• Exercise brief
Beginning with the line containing "Czarne botki damskie", write out each line exactly through the end of the listing, and skip all pictures.

• Information shown

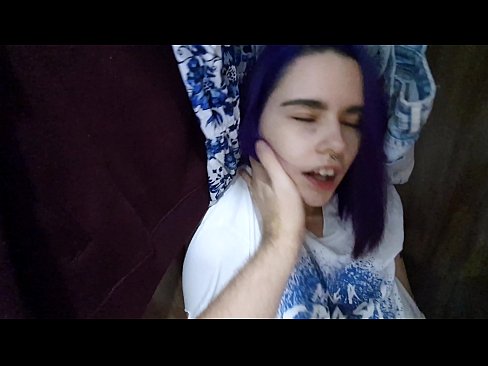 ❤️ מצאתי את אחותי בארון ועזרה לה לגמור ❌ פורנו אנאלי אצלנו ﹏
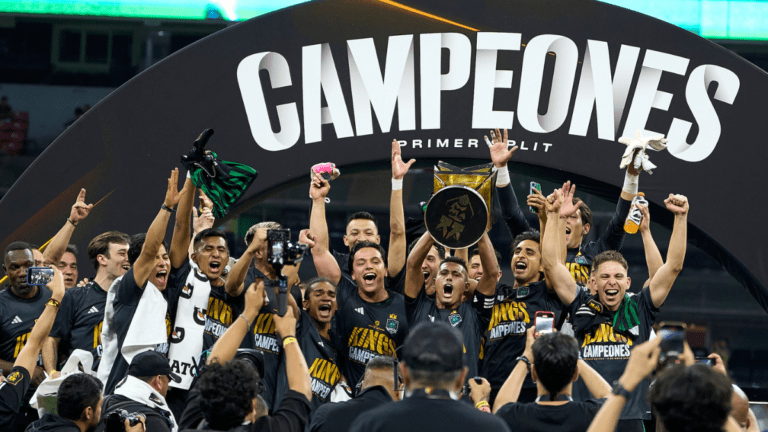 Así se vivió la primera fiesta de la Kings League en el estadio Azteca, el equipo Mexicano Raniza FC es campeón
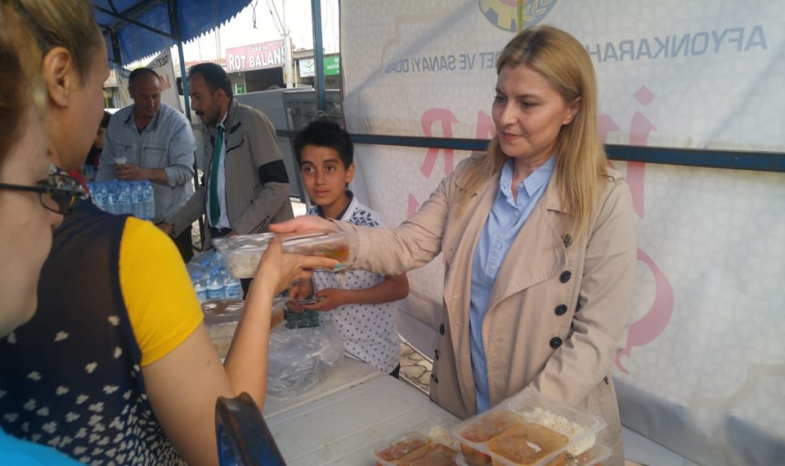 İFTAR ÇADIRI'NDA YEMEK DAĞITIMINA DEVAM EDİLİYOR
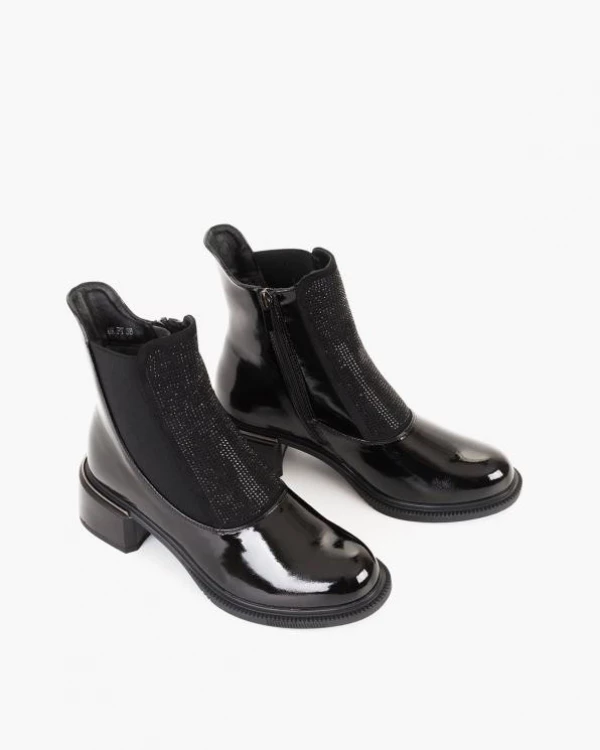 Czarne botki damskie ze skóry ekologicznej na klocku 5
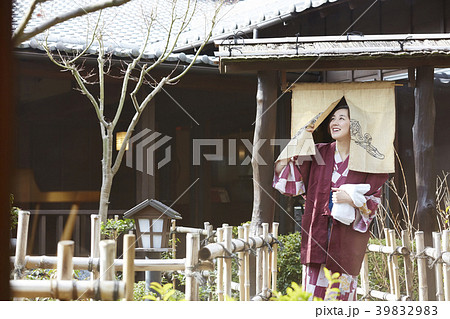温泉　女性ポートレート 39832983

• The answer
 Czarne botki damskie ze skóry ekologicznej na klocku 5
温泉　女性ポートレート 39832983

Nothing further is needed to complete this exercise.